ガイドラインでは「最近相当期間にわたって販売されていた価格」は二重表示を認めていて、これはセールの開始前8週間で4週間以上、セール前の販売期間が8週間以下の場合は2週間以上の販売実績が必要とされています。
この基準を満たしていない場合は、当該価格がいつの時点でどの程度の期間販売されていた価格であるかなどその内容を正確に表示しない限り、不当表示に該当するおそれがあります。
また、他店の販売価格を比較対象とする場合は、消費者が代替的に購入可能な最近の表示価格であり、市価を比較対象とする場合は相当数の事業者の販売価格を調査しなければいけません。
メーカー希望小売価格
メーカーのカタログやサイト等に記載された価格でない場合、不当な表示となることがあります。メーカー希望価格を表示する場合には、それを裏付けるためのエビデンスを元にして表示を行わなければなりません。
オープン価格
オープン価格はメーカーが販売価格の決定を販売店に委ねるものです。オープン価格の場合は、メーカー希望小売価格はないため二重価格表示はできません。
事例で分かる不当な二重価格表示とは?
二重価格表示のルールについて、詳しくは消費者庁のガイドラインをご覧いただければと思いますが、ルール違反のポイントは優良誤認、有利誤認といった消費者を見誤らせる表示が該当します。
有利誤認に当たる行為とは、商品やサービスの価格を実際の価格よりも安く公表したり、他の会社の商品やサービスよりもメリットがあることも事実に反して表示したりするような行為であり、優良誤認は商品やサービスの質や規格が実際よりも優れていると見せかける行為です。このような表示は景品表示法に反するとして処罰の対象となることもあるため販売者は気をつけなければなりません。
それでは二重価格表示について、より具体的に理解するために過去に問題となった事例を確認してみましょう。
楽天のケース
楽天では2013年に、楽天の社員が楽天市場の出品を行なっている出品者に対して、通常価格を引き上げることで販売価格を割り引きしているように見せる価格表示を提案していたことが明らかになりました。実際に通常価格の引き上げが行われていたことまでは特定されていませんが、出品者だけでなくプラットフォームの運営企業側も二重価格表示の正しい理解が求められます。
アマゾンのケース
2017年には有利誤認に当たる不当な二重価格表示を行なったたとして、インターネット通販大手のアマゾンジャパンに対して、消費者庁から再発防止などを求める措置命令が出されました。問題となった商品の1つである甘酒では、参考価格をメーカー希望小売価格よりも高い3,780円として表示した上で、500~1,000円で販売していたとされています。
二重価格表示の正当性を確かめる方法
割引率が高く、不信感を感じたような場合には、不当な表示で購入を煽り、不要な購入をさせられる可能性もありますので表示価格の裏付けを確認するようにしましょう。

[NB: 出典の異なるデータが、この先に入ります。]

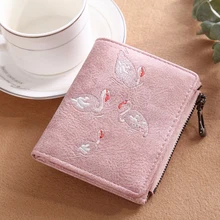 Women's wallet Korean version of hand-embroidered white swan wallet card bag purse Scrub leather wallet flamingo wallet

二重価格表示は過去の販売実績や他店の販売価格など情報を確認できるものもあります。
過去の販売価格についても、販売店に問い合わせをしたり、過去のチラシなどで確認を行うことが可能です。他店の販売価格は他店のチラシやネットサイトで、メーカー希望小売り価格はメーカーのパンフレット、公式サイトなどで確認することができます。
終わりに
二重価格表示は実店舗などの現実の生活の中でもあることですが、ネットショッピングでは店員に確認することもできないため不正な表示があっても気づきづらい傾向にあります。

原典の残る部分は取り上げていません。